Thought of pursuit left Parcel's mind. The sight of a field- piece was enough to make him stop, lean his musket against the brass barrel and pass a caressing hand over its surface.

"Big fellow, you look —— lonesome here. It's my mind to give you a charge and send a shot to the other gentlemen with my compliments."

His ears caught a shifting of the battle's tide. The baying of voices and the report of guns had gone on before him; now the wash of the battle seemed to be coming back at a precipitate pace. Grass rustled and bushes weaved. A ragged line of men popped in sight and by their haggard faces Parcel knew the story. He picked up the rammer and waved it.

"Rally! Here's a piece to serve!"

The foremost flung out a hand as he passed.

"Surrounded! All four sides! Clear!"

The man vanished as swiftly as he had come. The handful behind him swelled to a company and the company heralded a' regiment. It was a general rout. Gray figures, dew-soaked, ghastly weary and swayed by that inexplicable panic which sometimes seizes the bravest, streamed by. It was a sad sight to see the way they drove their exhausted bodies. Parcel threw down his gun, cried at them, swore, leaped to the muzzle and pushed a cartridge and ball into the piece.

"—— yokels, rally here! Don't you fools know the value of a field-gun? By ——, I'd like to bend a sword over your backs! Rally!"

He was talking to deaf ears. The tide had turned. Close by cracked the Tower muskets, turning to win a battle that had all but been lost. Parcel shook a train of powder into the touch-hole and stepped back with the linstock. He was not quite ready. Indeed, he stood there until he saw the color of a grenadier regiment. Then the cannon thundered, slewed around and capsized. Parcel emptied his musket at the nearest figure, more in defiance than anything else. Turning, he followed his people off the field.

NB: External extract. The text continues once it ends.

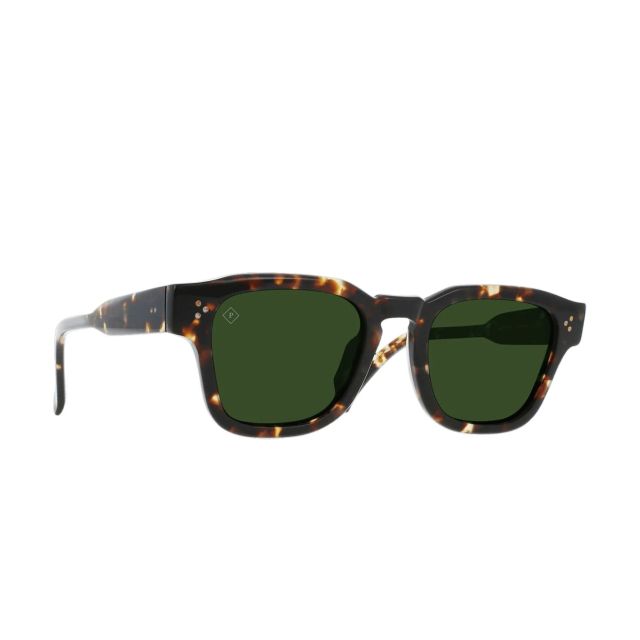 Raen Rece Brindle Tortoise & Green Polarized Men's Square Sunglasses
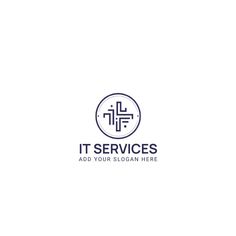 the logo for it services, which is designed to look like a cross in a circle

He leaped three stone fences, waded a brook and came to the road. It appeared to be the main artery of retreat, for it was covered with tracks, all pointing north and at intervals men burst through the fog and past him, sweating, dispirited. Then his eyes caught sight of a great muscular figure sitting in the ditch, back against a hedge. It was Tod Barkeloo, face dripping in crimson. The man had jammed his hat over one side and from beneath the brim came a steady drip of blood. His eyes caught sight of Parcel and he raised a fist.

"Do'ee see Tod now? But—I've had satisfaction this day! Like as not they'll spit me with a bayonet in a minute or so. 'Twon't matter. Tod'll fool 'em!"

"Give us a hand," said Parcel. "I'll pack you a ways."

"Gawn," said Barkeloo. "If I move I'm daid. My hat's holdin' in my brains, man. I'll tip it to the first English —— I see comin' down the road."

"Dyin', then?" asked Parcel, strangely impersonal. "You're a tough rascal."

"I'm cur'ous," said Barkeloo in a fainter voice. "Alius cur'ous. You been an officer gentleman once. Why'd you take up bein' a private, eh?"

"Why, I was an officer," admitted Parcel. "Lieutenant of artillery. But an officer, Tod, has to stick with his battery, fight or no fight. 'Tis dull work for a man who likes to pick at his pleasure. So I ran away. A private can choose any part of the field he wishes. D'ye see? I fight best alone and I like to wander."

Barkeloo stared at him.

"Then ye're been havin' satisfaction this day, too. Gawn now. Tod'll fool 'em."

Parcel went on, unable to keep from his mind the sight of Barkeloo raising his hat to the first English soldier he saw, and dying by that act.

"The rascal," he muttered. "The rugged, tough rascal. That's the spirit to win this war!"

Of a sudden he was terribly weary, terribly hungry. His tongue stuck to the roof of his mouth and his knee seemed afire. It was unknown miles to safety again, unknown hours before the army would be assembled somewhere far ahead. He weaved from side to side, mind reverting to the lines which had been in his head for so long—


"The boast of heraldry, the pomp of power—"


"——, I'd like to have that gentleman with me. Then he could write something that would make the angels fight—something like the beat of drums."